I doubt things are any easier today especially as the legal landscape grows more challenging. We all recognize the twin trends of exponentially growing electronic content and more litigiousness. The landmark 2006 Federal Rules of Civil Procedures Rule 26 and its updates make all electronic stored information (ESI) subject to legal discovery, and ESI continues its unbridled growth. Yet cost controls are tighter these days than they were a decade ago, so we increasingly react to problems rather than nip them in the bud. If you already have an enterprise search system (or, more likely, several targeted search systems), do you really need anything else to respond to a civil suit requesting information stored anywhere in the enterprise? Wouldn't an e-discovery solution just drain resources from electronic records management and enterprise search programs already in place?


A recent study of e-discovery practices found that "Few technology and strategy decision-makers report having a holistic approach to eDiscovery. In fact, only 23% claimed to have an end-to-end approach to gather and filter information. And a full two-thirds consider their eDiscovery strategy reactive rather than proactive." (Source: Forrester Research, Inc.) How do you make the case that another search system will be any better than the ones you already have? I challenged two vendors to explain the case for e-discovery systems: StoredIQ and EMC. StoredIQ of Austin, Texas, provides patent-pending ESI governance solutions. EMC's SourceOne information governance solutions build on StoredIQ products.

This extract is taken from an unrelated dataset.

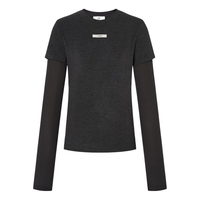 MO&Co. MBE4TEE014 轻磨毛 深花灰色 M 女士T恤两件套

Ursula Talley, VP of marketing at StoredIQ, concedes that enterprise search is indispensable for knowledge workers, but that e-discovery solves a different problem. "E-discovery search is designed to support a workflow that can be legally defended in court" and results in a set of data files that are preserved in a new, target location without any changes to the metadata. Unlike typical enterprise search systems that emphasize recall-giving you everything you might ever want to find-e-discovery systems deliver precisely specified results. Moreover, says Talley, the quarantining process may require copying thousands of gigabytes, without disrupting user productivity.

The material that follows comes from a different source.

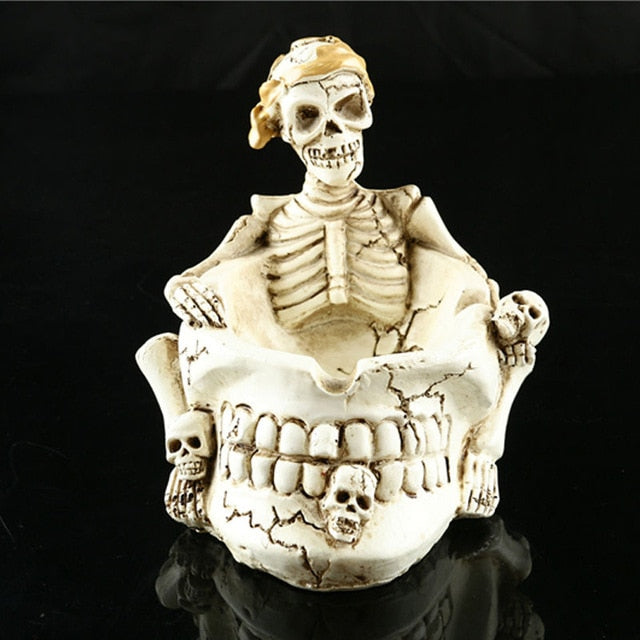 Halloween Resin Terror Model White Skull Wine Cup Ashtray Prop Skeleton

Lori McKellar, EMC's senior product marketing manager, also emphasizes the special nature of e-discovery as "the need to take action on the content in very specific ways-collect, process, analyze, review, etc.-while ensuring chain of custody and auditing all action taken." She also points out that when e-discovery lawsuits occur, they can cost more than $1.5 million to defend. Although those costs can be high, there is still the tendency to hope they'll be somebody else's problem. Another tack might be to see if you can get ahead of the curve, perhaps by leveraging some technology you already support, such as taxonomies or managed search system thesauri. McKellar agrees and says that "at its root, e-discovery is fundamentally an information management problem. Information management and the e-discovery process are intertwined."

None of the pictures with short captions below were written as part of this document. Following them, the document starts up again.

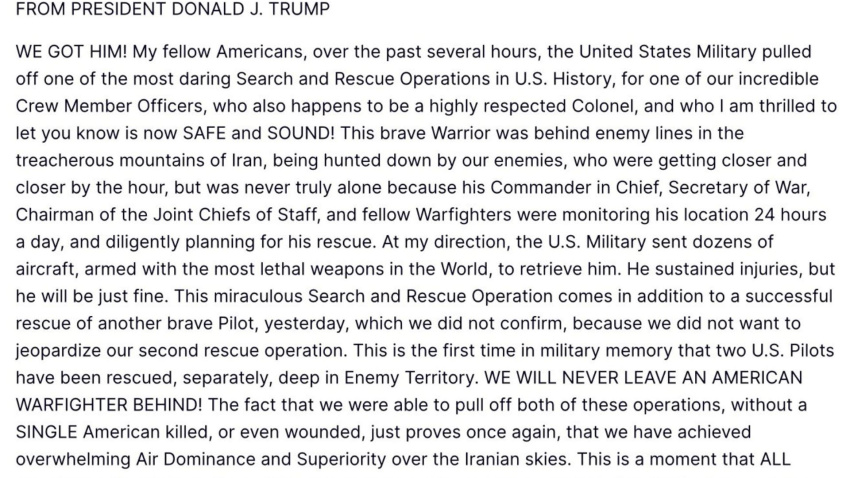 Mensaje de Trump afirmando que el Ejército de EE. UU. rescató con vida al piloto del avión derribado en Irán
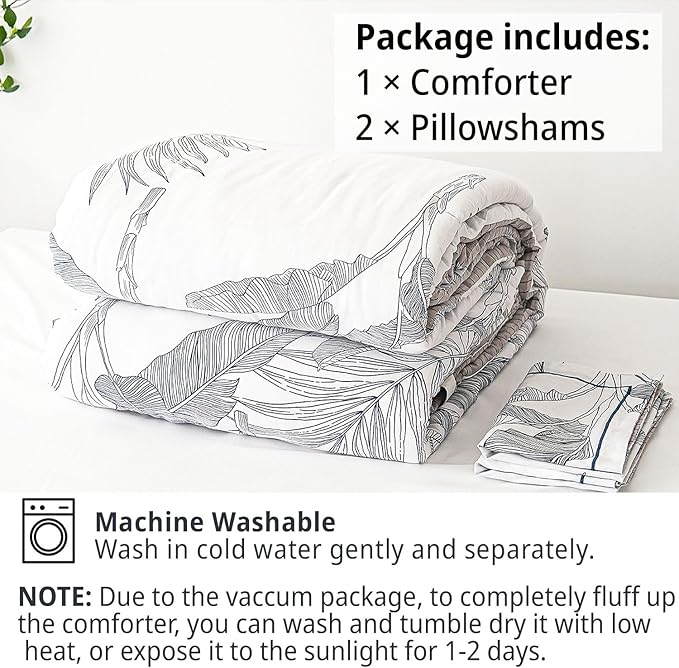 Botanical Cotton Comforter King Size - White Comforter with Delicate Black Leaves Patterns,Grey Reversible Lightweight Bedding Sets 3Pcs(Stripes)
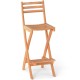 Acacia wood bar height chair with sturdy X-shaped legs, designed for ergonomic comfort and easy outdoor portability.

Your work today to organize and classify information will make a future e-discovery process easier, and establishing good electronic records management programs will complement e-discovery. The continuous struggle to implement an electronic records management program, encouraging everyone to keep only what's needed and delete the rest, is critical. The ERM program will pay not only green benefits (reducing storage and backup costs) but will also lower e-discovery costs because there will be fewer incriminating documents to search through. However, tools alone, even e-discovery tools, build on information management best practices. Anyone can Bing or Google, so they expect they can simply transfer those skills to in-house search systems to satisfy an e-discovery request. These acquired search skills are unlikely to suffice under deadlines to find everything needed. Firms will need to leverage their in-house librarian or taxonomy resources even with the best of e-discovery tools.

I once heard a records management instructor say, "Lawsuits are your friend." By that he meant that it sometimes takes a lawsuit to get management backing for a records management program. However, if you are unprepared for it, an e-discovery request may not be the kind of friend you need.